A New Synthetic Histone Deacetylase Inhibitor, MHY2256, Induces Apoptosis and Autophagy Cell Death in Endometrial Cancer Cells via p53 Acetylation

We previously found a novel a new sirtuin (SIRT) inhibitor MHY2256 that exerts anticancer activity through p53 acetylation in MCF-7 human breast cancer cells. Here, we investigated the anticancer activity of MHY2256 against hormone-related cancer, which is an endometrial cancer with poor prognosis. We found that MHY2256 markedly reduced cellular proliferation at low concentrations against Ishikawa endometrial cancer cells. The IC50 values of MHY2256 were much lower than that of salermide. Furthermore, MHY2256 significantly reduced the protein expression and activities of SIRT1, 2, and 3 with similar effects as salermide, a well-known SIRT inhibitor. Particularly, MHY2256 markedly inhibited tumor growth in a tumor xenograft mouse model of Ishikawa cancer cells. During the experimental period, there was no significant change in the body weight of mice treated with MHY2256. Detailed analysis of the sensitization mechanisms of Ishikawa cells revealed that late apoptosis was largely increased by MHY2256. Additionally, MHY2256 increased G1 arrest and reduced cell cyclic-related proteins, suggesting that apoptosis by MHY2256 was achieved by cellular arrest. Particularly, p21 was greatly increased by MHY225656, suggesting that cell cycle arrest by p21 is a major factor in MHY2256 sensitization in Ishikawa cells.
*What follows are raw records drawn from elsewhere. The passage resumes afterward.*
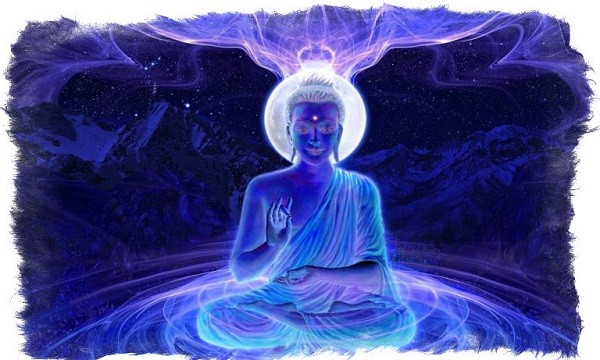 отток энергии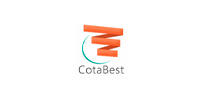 cota-best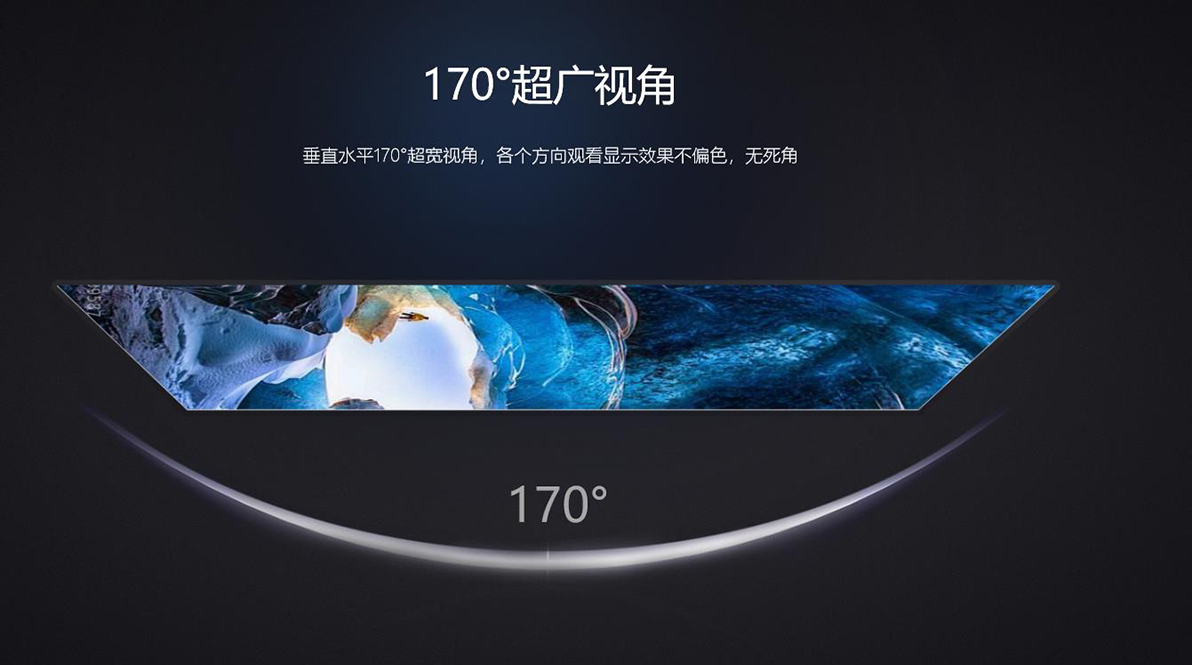 平博·pinnacle(中国集团)官方网站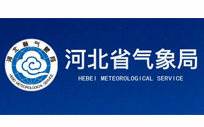 河北省氣象局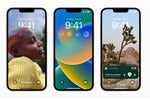 What's new in Notifications in iOS 16?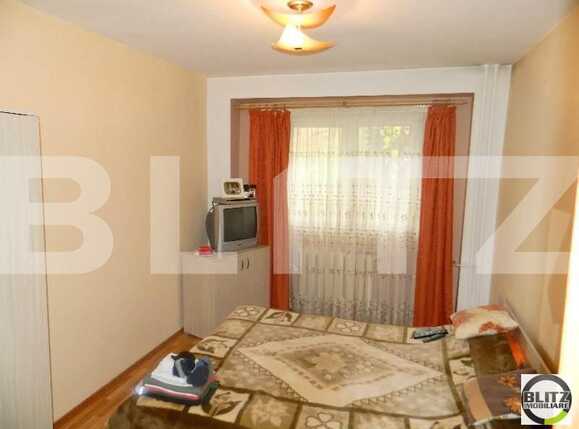 Apartament de vânzare 2 camere Marasti - 2539AV | BLITZ Cluj-Napoca | Poza2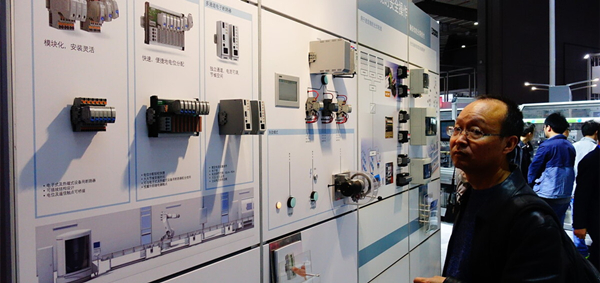 TR EAEU 050/2021民防产品技术法规发布，预计于2023年6月1日生效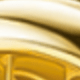 金色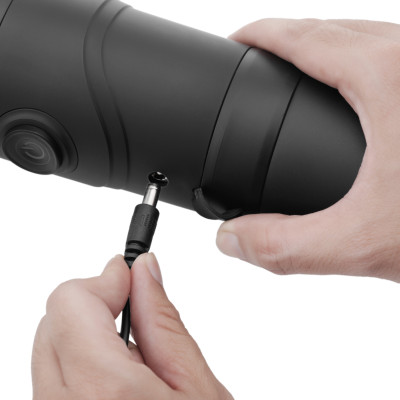 MÁY PHA ESPRESSO ĐA NĂNG B80 -Hàng Nhập Khẩu Chính Hãng.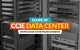 Scope of CCIE Data Center Certification for Network Engineers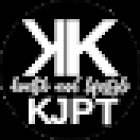 The HUB Gym - Strength and Performance Culture | Home of KJPT Health and Lifestyle |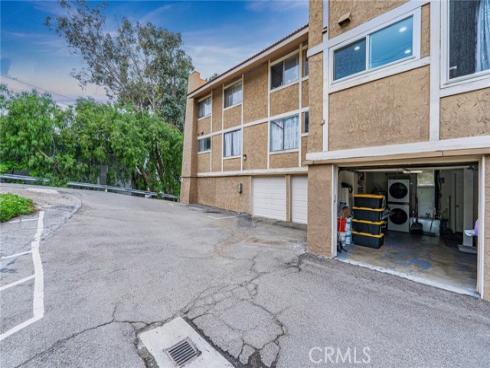 3999 E Santa Ana Canyon  116  Road, Anaheim, CA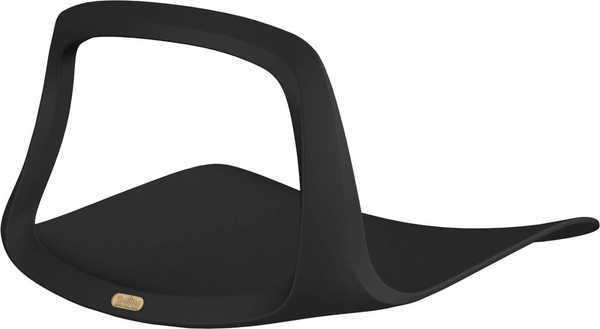 Стул пластиковый Sheffilton SHT-ST59/S195- фото10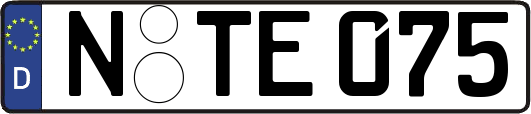 N-TE075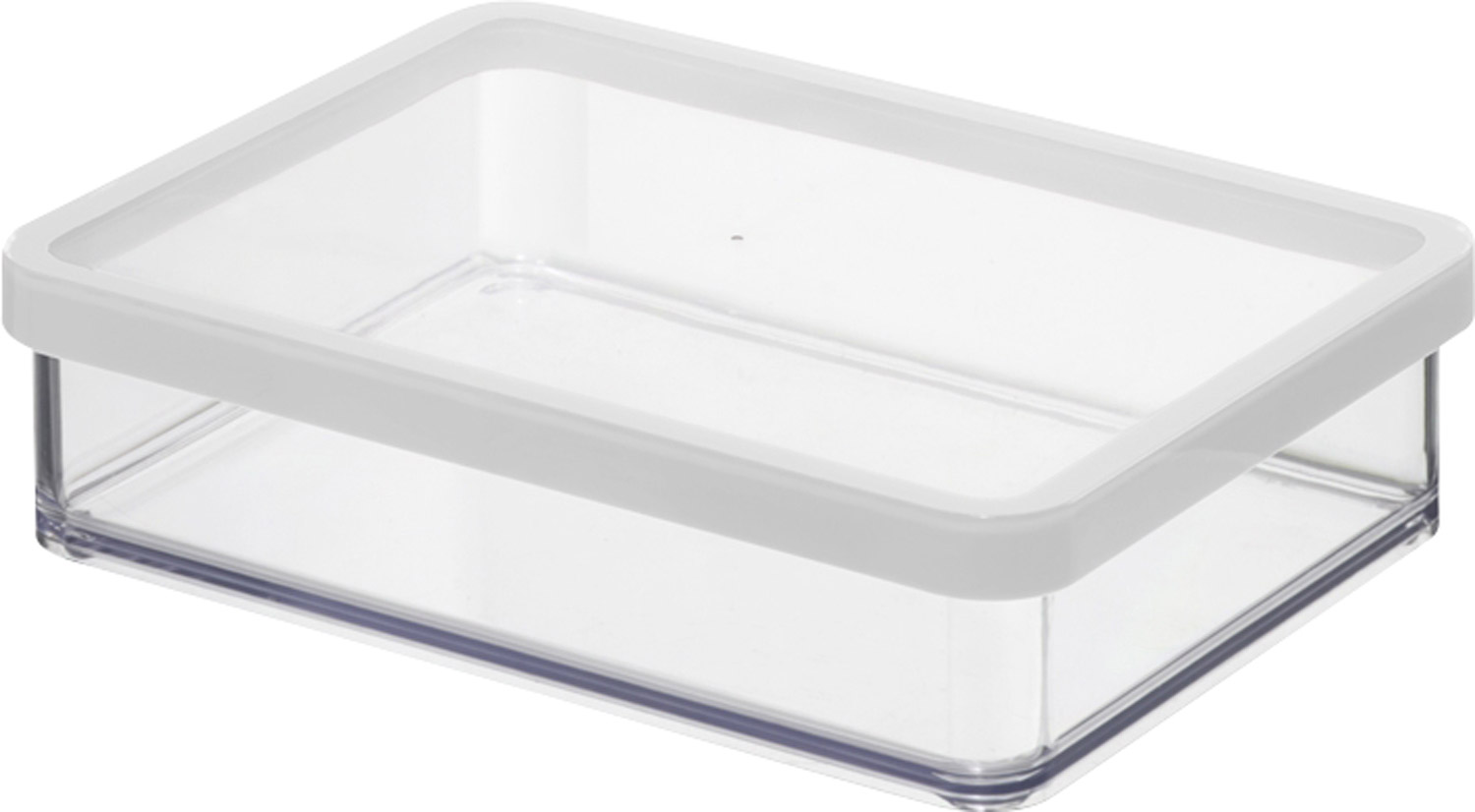 Aufbewahrungsdosen Aufbewahrungsdosen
We also detected a significant increase in acetylated p53, a target protein of SIRT1, in Ishikawa cells after MHY2256 treatment. In a mouse xenograft model, MHY2256 significantly reduced tumor growth and weight without apparent side effects. These results suggest that MHY2256 exerts its anticancer activity through p53 acetylation in endometrial cancer and can be used for targeting hormone-related cancers.